How to avoid divergence when using "?:" operator for short statements

Using nvvp, I have identified two lines in my kernel that gave me high divergence.

The two lines are actually pretty simple, the first line, I want to find the location of the minimum value from a float3 vector. I used

minval=fminf(fminf(htime[0],htime[1]),htime[2]);
(*minloc)=(minval==htime[0]?0:(minval==htime[1]?1:2));

where htime is a float pointer point to 3 numbers in the register space.

The “?:” operation in the second line caused divergence 90% of the time.

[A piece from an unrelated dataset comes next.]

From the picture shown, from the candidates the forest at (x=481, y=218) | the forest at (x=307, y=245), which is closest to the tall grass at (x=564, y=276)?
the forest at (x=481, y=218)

the second one is slightly more complicated, I call a custom math function (to replace nextafter) inside another “?:” operator:

(*minloc==0) ?
          (htime[0]=mcx_nextafterf(__float2int_rn(htime[0]), (v->x > 0.f)-(v->x < 0.f))) :
	  ((*minloc==1) ? 
	      (htime[1]=mcx_nextafterf(__float2int_rn(htime[1]), (v->y > 0.f)-(v->y < 0.f))) :
	      (htime[2]=mcx_nextafterf(__float2int_rn(htime[2]), (v->z > 0.f)-(v->z < 0.f))) );

this again gave me 90% divergence.

In addition, the short function (23 lines total) that contains both of these cases is a hotspot of my code, taking about 1/10 of the run-time. Using PC sampling profiling, the function poses 64% latency due to execution dependency, 23% due to instruction fetch. I suspect those were also caused by the two ?: operators above.

My questions are,

  1. is there a way to optimize the above code to avoid the divergence? I tried to use minloc as index to avoid the second ?:, but that makes my htime array in the local memory (instead of a register).

  2. even I can find a way to avoid divergence in the above cases, do you think it will likely make a major impact to the execution efficiency? the expressions involved are kind of short.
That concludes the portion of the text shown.